An SSD beneficiary’s earnings record does not have to exceed a special threshold to support ex-spouse’s benefits. If the beneficiary receives SSD benefits, the ex-spouse can also collect benefits, as long as the following conditions are met:
- The ex-spouse is at least 62 years old.
- The marriage lasted more than a decade.
- The ex-spouse is not eligible to collect a larger benefit based on a personal earnings record or the earnings record of someone else.
- The ex-spouse has not remarried.
If the disabled spouse does not currently receive SSD benefits, another criterion applies. The spouses must be divorced for at least two years before the disabled spouse files the claim, or the ex-spouse cannot collect a benefit.

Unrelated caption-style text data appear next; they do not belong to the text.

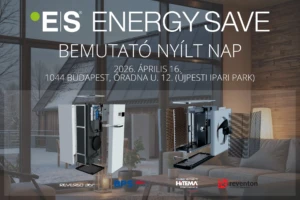 Energy Save bemutató nyílt nap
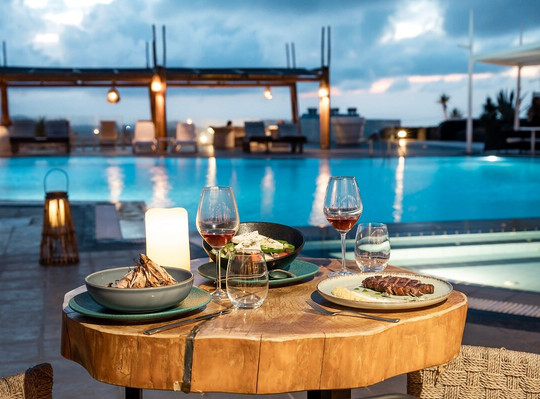 Smy Santorini Suites & Villas主图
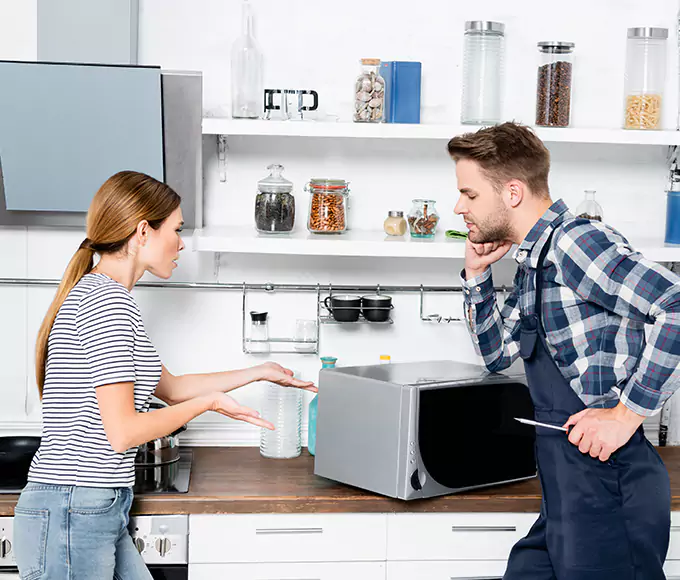 Why Ware Homeowners Trust Ware Appliance Pro for Every Microwave Fix?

An ex-spouse may also qualify for a mother’s or father’s benefit if he or she cares for the beneficiary’s child. The child must suffer from a disability or be younger than age 16. If the child is older than 22 and disabled, the condition must have developed before age 22.
Factors affecting benefits
In some cases, an ex-spouse’s new marriage may not result in permanent benefit loss. If an ex-spouse marries someone else who collects benefits, such as survivors benefits, the ex-spouse’s benefit eligibility is not affected. Additionally, if an ex-spouse marries again and the marriage ends in divorce, annulment or death, the ex-spouse may be able to resume collecting benefits off the beneficiary’s earnings record.

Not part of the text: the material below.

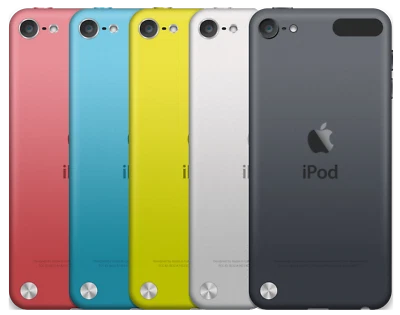 NEW Apple iPod Touch 5th Generation 16GB 32GB 64GB All Colors  Warranty - Image 1 of 4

The remarriage of the beneficiary has no impact on the ex-spouse’s benefit entitlement or award amount. Furthermore, an ex-spouse can receive benefits even if a beneficiary’s other dependents, such as a current spouse, also collect benefits. The benefit an ex-spouse receives has no effect on the benefit that the beneficiary’s current spouse or children receive, and vice versa.

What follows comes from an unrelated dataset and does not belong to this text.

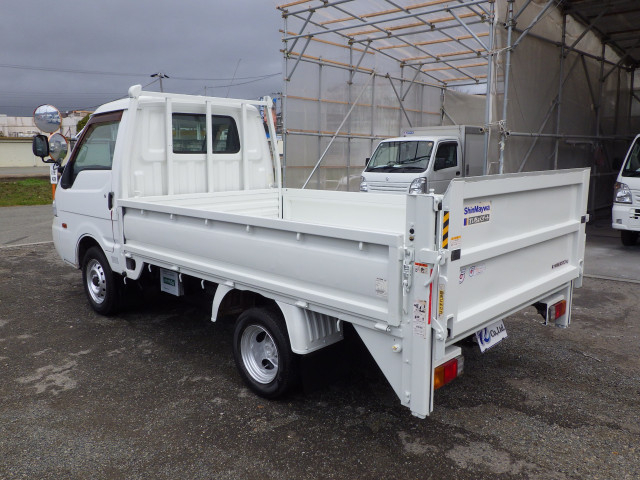 マツダ ボンゴ 小型 平ボディ ABF-SKP2T(103243) 2枚目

Sometimes, an ex-spouse’s own work history may impact his or her benefit amount. If an ex-spouse once worked a government job that did not pay Social Security taxes, the ex-spouse’s SSD benefit is generally reduced by two-thirds of his or her monthly pension payment.
Spouse’s benefits are not awarded automatically. Ex-spouses must contact the Social Security Administration to apply. After providing proof of personal identity and the marriage, ex-spouses who qualify for benefits should receive them without further consideration.